07 febbraio 2020 10:15

Una slitta trainata da cani o una motoslitta sono i mezzi più sicuri per raggiungere Toksook Bay, nell’Alaska rurale, dove Steven Dillingham, direttore dell’ufficio per il censimento degli Stati Uniti, è arrivato il 21 gennaio per contare le prime persone nel rilevamento decennale della popolazione statunitense. Non dovrebbe metterci molto – secondo l’ultimo rilevamento, nel 2010, gli abitanti qui erano solo 590 – ma è comunque l’inizio di un’impresa colossale. Nei prossimi mesi chiunque viva negli Stati Uniti riceverà la richiesta di fornire informazioni su età, sesso, etnia e residenza (e a qualcuno verrà chiesto molto di più).

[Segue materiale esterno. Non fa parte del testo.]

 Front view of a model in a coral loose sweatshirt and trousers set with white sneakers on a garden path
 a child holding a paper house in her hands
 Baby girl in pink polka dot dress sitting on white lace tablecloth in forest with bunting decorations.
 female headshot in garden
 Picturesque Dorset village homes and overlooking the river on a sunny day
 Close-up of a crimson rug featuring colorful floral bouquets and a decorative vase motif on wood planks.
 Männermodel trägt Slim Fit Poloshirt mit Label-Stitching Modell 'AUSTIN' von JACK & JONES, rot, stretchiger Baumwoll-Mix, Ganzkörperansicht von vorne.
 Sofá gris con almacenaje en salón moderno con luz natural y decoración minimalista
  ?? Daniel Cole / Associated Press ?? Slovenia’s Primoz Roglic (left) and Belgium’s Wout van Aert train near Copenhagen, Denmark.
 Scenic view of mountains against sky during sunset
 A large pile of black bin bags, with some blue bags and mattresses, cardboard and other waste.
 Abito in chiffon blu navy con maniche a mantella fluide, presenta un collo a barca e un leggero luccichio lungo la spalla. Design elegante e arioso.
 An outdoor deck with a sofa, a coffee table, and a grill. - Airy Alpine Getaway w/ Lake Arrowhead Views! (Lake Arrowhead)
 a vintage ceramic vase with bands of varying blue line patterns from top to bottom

Questo censimento si è già dimostrato insolitamente esplosivo. Un tentativo del presidente Donald Trump di includere un quesito sulla cittadinanza, che avrebbe potuto indurre gli immigrati privi di documenti a non rispondere, è stato sventato dalla corte suprema. L’amministrazione è stata inoltre accusata in due diversi procedimenti legali di aver concesso finanziamenti insufficienti al censimento, incrementando così la possibilità che minoranze e persone vulnerabili, come i senza dimora, fossero conteggiati in maniera errata.

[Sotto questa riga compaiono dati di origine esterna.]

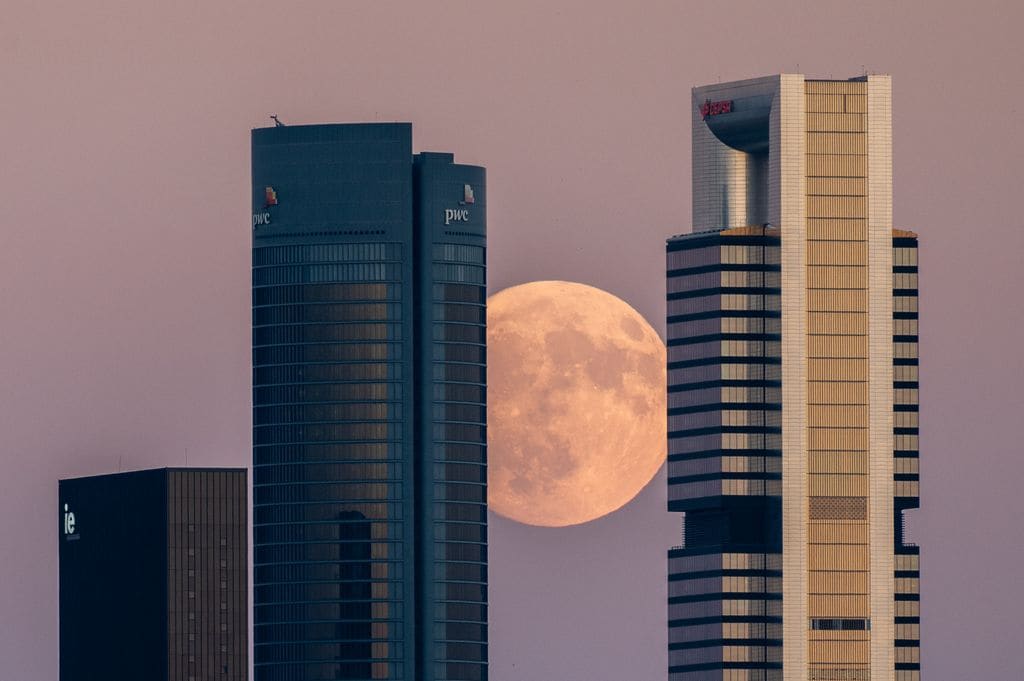 La Luna del Esturión se alza imponente sobre las Cuatro Torres de Madrid, tiñendo el skyline con su brillo casi pleno en una noche de agosto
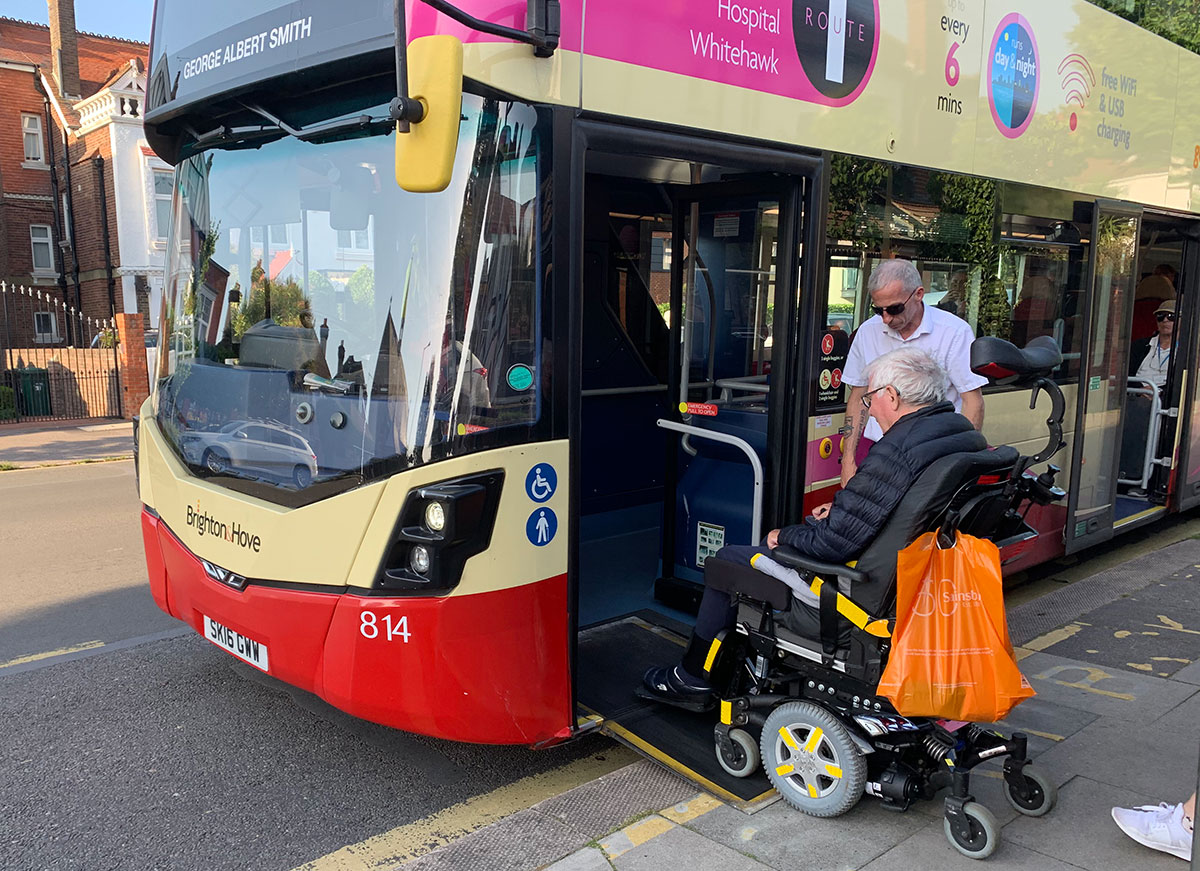 A bus driver assists a passenger in a wheelchair on theBrighton bus service.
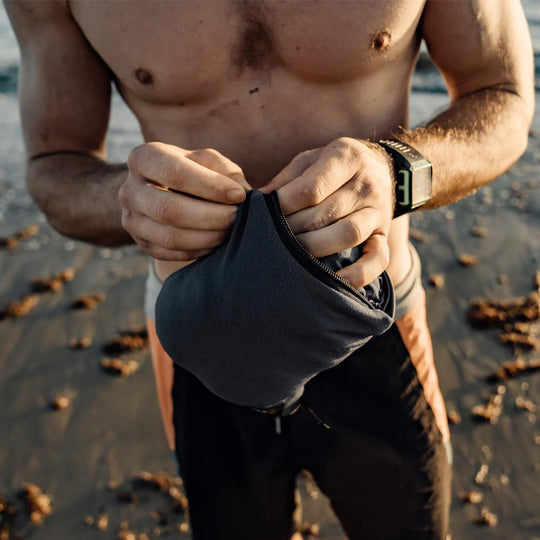 Man on a beach wearing a black glove and watch, with a blurred background.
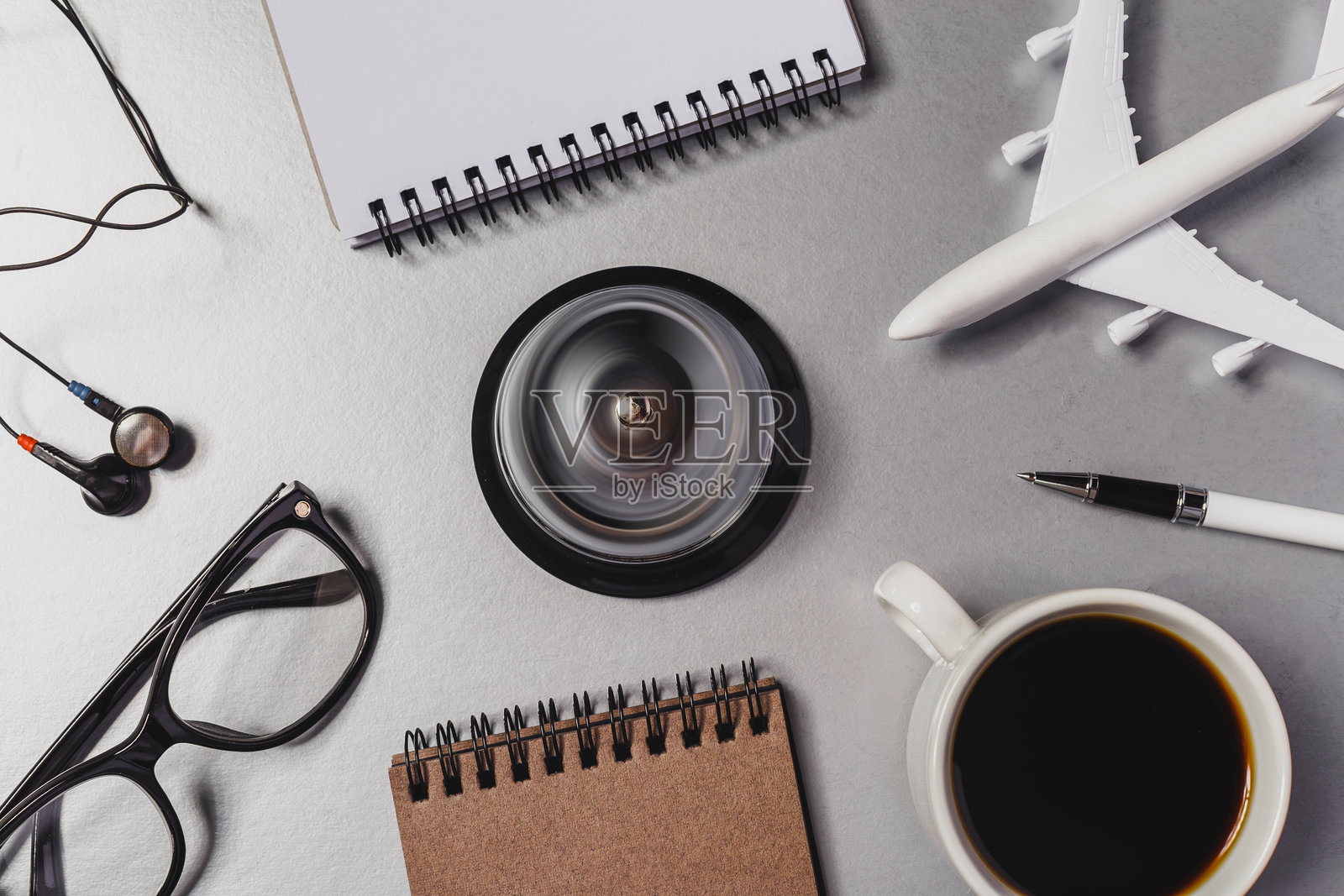 办公桌场景，有咖啡杯、笔记本、眼镜和飞机模型照片摄影图片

La costituzione statunitense rende obbligatorio un censimento su base decennale, in modo tale che il legislatore “possa fondare le sue argomentazioni su dati di fatto”, come scrisse James Madison nel 1790. Con l’aumentare delle sue responsabilità, il governo ha fatto sempre più affidamento su questo rilevamento. Nel 2016 i dati del censimento sono stati usati per destinare finanziamenti per 850 miliardi di dollari a programmi come Medicaid, buoni spesa, pasti scolastici o costruzione di strade. I risultati sono stati utilizzati per ripartire i seggi al congresso, ma sono stati utili anche ad accademici, genealogisti e perfino a catene di supermercati che dovevano decidere dove aprire nuovi punti vendita.

Un metodo collaudato
I rilevamenti di popolazione non sono stati inventati nel settecento. I babilonesi registravano i loro conteggi su tavolette di cera già nel 3800 avanti Cristo per capire quanto cibo coltivare. Nell’antica Atene gli amministratori tenevano il conto con pile di pietre, aggiunte da ciascun cittadino, per valutare la capacità militare e le imposte. Giuseppe e sua moglie Maria incinta viaggiarono da Nazareth a Betlemme dopo che l’imperatore Augusto aveva decretato che “tutto il mondo doveva essere registrato”. Nel diciottesimo secolo, rilevamenti affidabili e regolari della popolazione erano comuni nei paesi europei e gli addetti al rilevamento (enumerator secondo la definizione inglese) erano inviati nelle colonie di tutto il mondo.

Un rilevamento decennale di ogni abitazione, come quello appena cominciato negli Stati Uniti, è un metodo più che collaudato. Offre la fotografia istantanea di un’intera popolazione. I cittadini possono dichiarare come desiderano essere registrati e il conseguente tesoro di dati è accessibile pubblicamente. Quest’impresa però ha costi e dimensioni sempre maggiori.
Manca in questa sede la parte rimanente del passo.